Está em cartaz na Netflix uma série curtinha (são quatro episódios de cerca de 40 minutos cada) sobre lugares no mundo onde se concentram as populações com maior longevidade. Gente de 80, 90, 100 e até mais anos de vida. “Como Viver até os 100: Os Segredos das Zonas Azuis” é baseada no livro “Zonas azuis: a solução para comer e viver como os povos mais saudáveis do planeta” do pesquisador, jornalista e aventureiro Dan Buettner, o mesmo que conduz a série nos levando às chamadas zonas azuis, que ele visitou no início dos anos 2000 para fazer seu livro e agora a série.

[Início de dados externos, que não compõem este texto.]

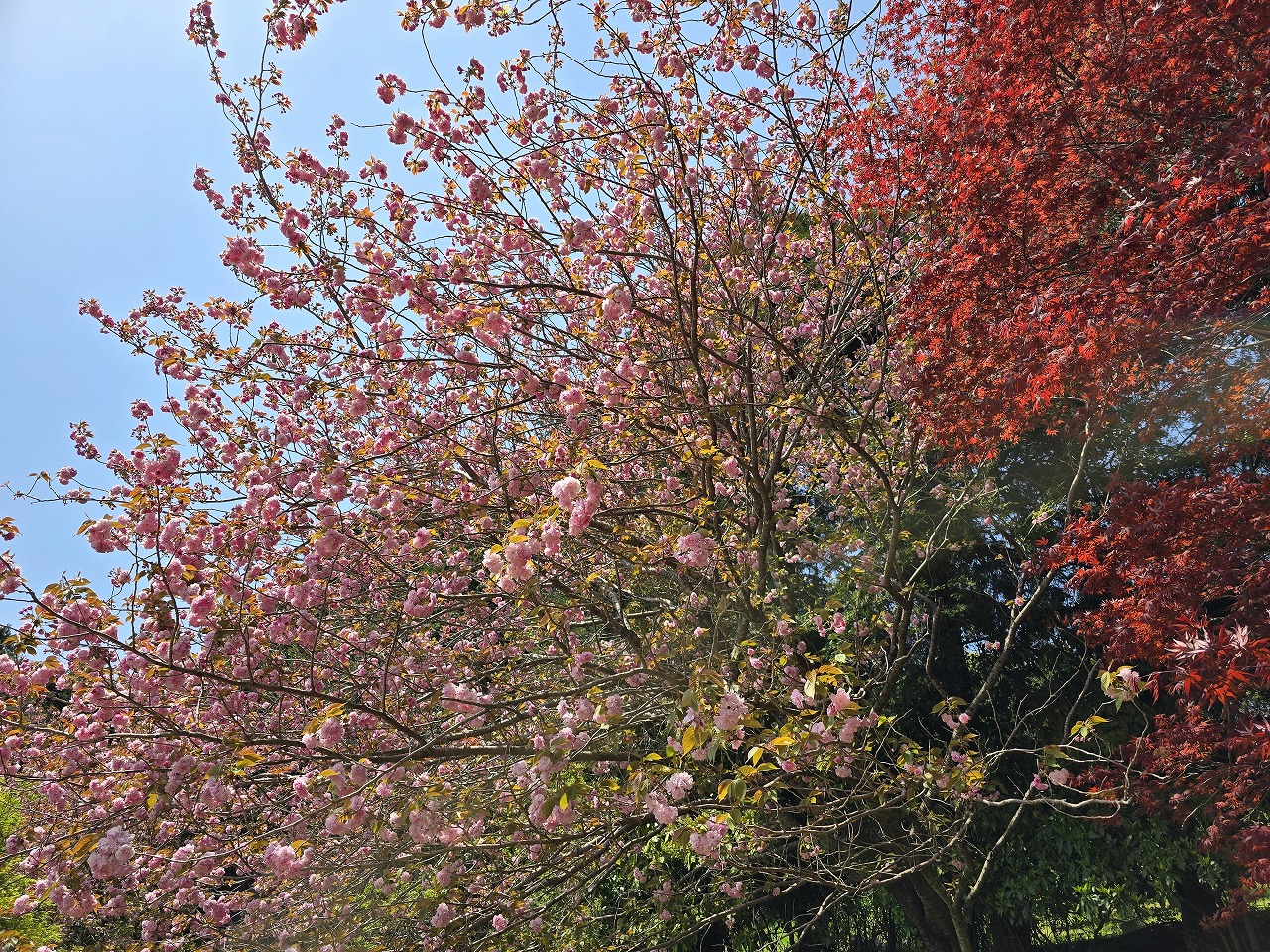 晴れ渡る青空を背景に淡いピンクの八重桜が満開の木と、鮮やかな紅葉のモミジが隣り合って生い茂る様子の写真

Para quem está antenado em questões de alimentação e cuidados com a saúde, a série não apresenta muita novidade. Alguns fatores de longevidade nas tais zonas azuis são evidentes, mas outros nem tanto: alimentação adequada, atividade física, convivência comunitária e controle do estresse. E, como os estudiosos dessas regiões sempre enfatizam, não é necessário cuidar especialmente de sua saúde: é, sim, preciso estar atento e agir.

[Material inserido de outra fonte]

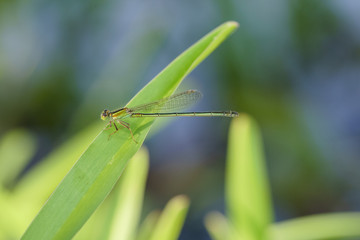Agrion libellule sur feuille verte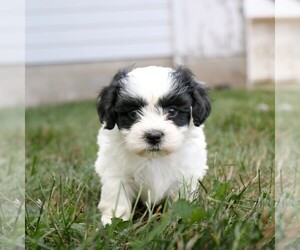 Zuchon Puppy for sale in ARTHUR, IL, USA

E é aí, minha gente, que a porca torce o seu knob. Quem de nós está disposto a cortar alguns deliciosos vícios de sua vida: carnes, álcool, glúten, carro, internet? Depois de tantos anos no “desvio”, será que ainda temos chance, condições ou mesmo interesse em viver cem anos? Buettner afirma que sim. Ao final deste texto, eu reproduzo nove dicas que ele cita em seu livro e que não estão listadas na série.
Mundo azul
Fala-se aqui e ali que estamos vivendo mais, que as crianças de hoje têm possibilidade de chegar aos 120 anos. Sim, muitos, sim. Mas é preciso fazer o recorte de quem são essas crianças. Certamente não estão na maior parte do Brasil, menos ainda na favela ou no Nordeste. Assim como existem as zonas azuis, é bem provável que exista um mapeamento de zonas vermelhas ou roxas; zonas de guerra constante, violência, fome, aridez e escassez. Também entrariam aí as zonas de abundância, mas com uma total falta de preocupação com o dito bem viver/bem comer. Porque a série deixa claro que é preciso muita disciplina e algumas privações para chegar aos cem. Bom, mas isso é outra abordagem. Voltemos ao mundo azulzinho.

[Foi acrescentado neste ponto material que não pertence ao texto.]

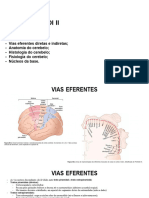 APG 06 - Vias Eferentes, Cerebelo e Núcleos Da Base
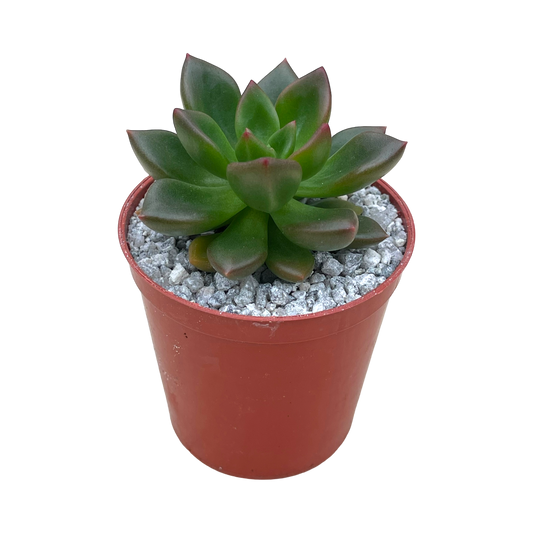 Echeveria 'Lepus'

Buettner nos conduz a cinco lugares: Okinawa (Japão), Sardenha (Itália), Icária (Grécia), Nicoya (Costa Rica) e Loma Linda, Califórnia (EUA). E nos mostra que as proporções de centenários nessas Zonas Azuis superam aquelas de qualquer outro local no mundo.
Parece que as pistas encontradas nessas comunidades se baseiam em pelo menos cinco fatores que parecem favorecer a espetacular longevidade e qualidade de vida de seus habitantes. Esses fatores estão relacionados à alimentação, atividade física, filosofia de vida, baixo estresse e relacionamento social.
Alimentação e atividade física
Nessas zonas azuis, as pessoas consomem muito mais produtos vegetais e peixes do que carne vermelha. Em algumas dessas regiões, o azeite e o vinho tinto também são consumidos regularmente. Além disso, os moradores tendem a comer devagar e não encher completamente o estômago.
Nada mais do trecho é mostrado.